Our OWD checkout dives were done in 34-35F "warm" water, obviously in wetsuits only. It wasn't too bad, but it wasn't exactly fun either - after 20 mins, I was pretty much frozen solid. Hands took the most damage, I couldn't feel my fingers any more. Needless to say, selecting the right rental wetsuit as a complete noob isn't something that comes naturally.

HarrierMech
March 19th, 2012, 08:41 AM
I have dived in 46* water with a 7mm Henderson H2 and a henderson 3mm shorty under, 5mm gloves, a 6mm hood and boots and was fine. I did pour a gallon of warm water in my suit before I jumped in. I was good UNTIL I got out!

Gravybird
March 19th, 2012, 09:15 AM
last fall I dove in my elastek 7mm with 7mm hood, 5mm glvoes, and 6mm boots,on a dive in 50 degree water above the first thermocline, but went down to 113' where the water was 38. I will not do that again unless I lose something really, really, really important. This year I can't wait to use my my (new to me) drysuit:-)
The 50 degree water on top wasn't too bad once the neck, and lips went numb, I guess I'd say that's where I would draw the limits for a good day of diving, of course it would have to be above 70, and sunny out of water.

Ulfhedinn
March 19th, 2012, 10:31 AM
51 at 100' is the coldest I will go with a 7mm

Tommik
March 19th, 2012, 10:50 AM
46 is the lowest I have gone with a Farmer John and Top 7MM with Boot's hood and glove. Water Temp is not the issue for me it's keeping warm between dives in the notoriously changeable British weather so its usually Drysuit and 4th Element Xerotherms for me.

asha
March 19th, 2012, 11:54 AM
If I had my way all the time: 80.

Historically, according to my logbook: 40 in a 7mm, and 58 in a 3mm (brr on both accounts).

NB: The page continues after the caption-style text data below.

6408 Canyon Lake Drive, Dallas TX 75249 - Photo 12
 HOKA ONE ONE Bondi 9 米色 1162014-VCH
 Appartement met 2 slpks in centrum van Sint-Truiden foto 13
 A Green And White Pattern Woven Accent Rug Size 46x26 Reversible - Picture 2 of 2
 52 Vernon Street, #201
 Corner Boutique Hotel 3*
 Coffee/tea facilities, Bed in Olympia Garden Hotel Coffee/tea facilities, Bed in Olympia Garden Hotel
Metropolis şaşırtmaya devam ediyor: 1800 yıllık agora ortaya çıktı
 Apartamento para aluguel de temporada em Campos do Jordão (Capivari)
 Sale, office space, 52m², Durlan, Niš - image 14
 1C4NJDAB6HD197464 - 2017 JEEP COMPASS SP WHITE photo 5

The surface temperature and the number of repetitive dives makes a huge difference in how much cold I can endure. Back when I dove wet, the first dive in Maine or the VT quarry was fine, but you had to drag me in kicking and screaming for the second. I wished I had brought my drysuit on a trip to the Bahamas last month where we did 4 dives a day at 72 (with air temps hovering around 65). If it had been 85 and sunny on top, I might have been okay!

thirdcoastdiver
March 19th, 2012, 12:16 PM
I will dive in 38-40 degree (F) water with a 7 mm wetsuit, and a 3 mm vest/hood. I also use 5 mm booties with 3 mm socks for added warmth.

Scott
March 19th, 2012, 12:16 PM
If it's below 76+- I'm diving dry. Below 40, I'm dreaming of warm sunny beaches from a recliner.

GrumpyOldGuy
March 19th, 2012, 12:39 PM
I have done a fair number of wet dives down to 40F. All tended to be shorter (30 minutes), shallower and single dives.
50F is my cutoff, below that I now dive dry, just because I can dive cold & wet does not make it fun
50-60ish, it depends on the temp and sunshine topside for the SI and planned depth. The same 55F water can seem toasty warm in the middle of summer with bright sunshine and no wind. In the middle of winter, when its windy, cold and little sun I shiver just thinking about the 3rd dive of the day.